Tank sample. Extraordinary blueberry fruit – really juicy and delicious. Super-floral too, really expressive and opulent. A great triumph in this vintage, one of the purest and most delicious expressions of Grenache, with firmness but mouth-watering juiciness as well. It's a drinkable, upfront style and the complexity will take time to emerge.
Drink 2021 - 2031
Richard Hemmings, JancisRobinson.com (November 2019)
This is vibrantly fruity full of forest berries and good juice on the palate with quite a firm, slightly hard strictness to the tannins, but it contributes to a sense of drinkability, direction and straightness. An agreeably authentic expression. Biodynamic. Vinified in concrete in a cool cellar (around 18 ̊C) so the fermentation starts slowly. All destemmed apart from just 20% of old vine Grenache.
Drink 2021 - 2027
Matt Walls, Decanter.com (October 2019)
True to form, the 2018 Châteauneuf Du Pape Les Trois Sources is a softer, more elegant wine than the Les Hauts-Lieux and offers a gorgeous perfume of black cherries, black licorice, tapenade, violets, herbes de Provence, and jus de viande.
Deep, full-bodied, and beautifully layered, it gains weight with time in the glass and is going to benefit from just short-term cellaring. It doesn’t have the concentration for any long-term cellaring yet my money is on it evolving nicely for a solid 10-12 years.
Drink 2020 - 2032
Jeb Dunnuck, JebDunnuck.com (June 2020)
About this WINE
Domaine de la Vieille Julienne
Domaine de la Vieille Julienne is located in the northern end of the Châteauneuf-du-Pape appellation, in sector known as Le Grès. Since 1990, when Jean-Paul Daumen took over from his father, the rise in quality of wine from this domaine has been breathtaking. There are now 32 hectares of vineyards and the average age of the vines is high at around 50 years.
The Châteauneuf is typically a blend of Grenache (60%), Syrah (15%), Mourvèdre (10%), Counoise (10%) and Cinsault (5%). Jean Paul has adopted a thoroughly modern approach to winemaking with the entire crop now being destemmed and each of the separate grape varieties are vinified separately.

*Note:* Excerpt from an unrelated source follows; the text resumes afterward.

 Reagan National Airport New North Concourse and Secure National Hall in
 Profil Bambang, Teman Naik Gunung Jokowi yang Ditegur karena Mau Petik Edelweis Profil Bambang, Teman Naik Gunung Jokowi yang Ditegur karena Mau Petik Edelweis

The large oak foudres have been replaced with small oak barrels although Jean-Paul believes in "emphasising the fruit and the balance more than the wood". All his wines are bottled without filtration.
The most celebrated village of the Southern Rhône, Châteauneuf-du-Pape is the birthplace of the now indispensable French Appellation d’Origine Contrôlée system – imperfect though it may be. Compared to the Northern Rhône, the vineyards here are relatively flat and often feature the iconic galet pebbles – the precise benefits of which are a source of much debate. Minimum alcohol levels required by the AOC are the highest in France, but at 12.5% it is well below the natural generosity of Grenache, which only achieves its full aromatic potential when it is fully ripe and laden with the resultant high sugars. Syrah and Mourvèdre contribute the other defining elements in the blend, adding pepper, savoury spice and structure to the decadent Grenache. There are a further 10 permitted red grape varieties which can be used to adjust the “seasoning”. Of the five white varieties permitted, it is Grenache Noir’s sibling – predictably perhaps – Grenache Blanc, which dominates, though Roussanne shows a great deal of promise when handled well, notably at Château de Beaucastel.
Southern Rhône Blend
The vast majority of wines from the Southern Rhône are blends. There are 5 main black varieties, although others are used and the most famous wine of the region, Châteauneuf du Pape, can be made from as many as 13 different varieties. Grenache is the most important grape in the southern Rhône - it contributes alcohol, warmth and gentle juicy fruit and is an ideal base wine in the blend. Plantings of Syrah in the southern Rhône have risen dramatically in the last decade and it is an increasingly important component in blends. It rarely attains the heights that it does in the North but adds colour, backbone, tannins and soft ripe fruit to the blend.
The much-maligned Carignan has been on the retreat recently but is still included in many blends - the best old vines can add colour, body and spicy fruits. Cinsault is also backtracking but, if yields are restricted, can produce moderately well-coloured wines adding pleasant-light fruit to red and rosé blends. Finally, Mourvèdre, a grape from Bandol on the Mediterranean coast, has recently become an increasingly significant component of Southern Rhône blends - it often struggles to ripen fully but can add acidity, ripe spicy berry fruits and hints of tobacco to blends.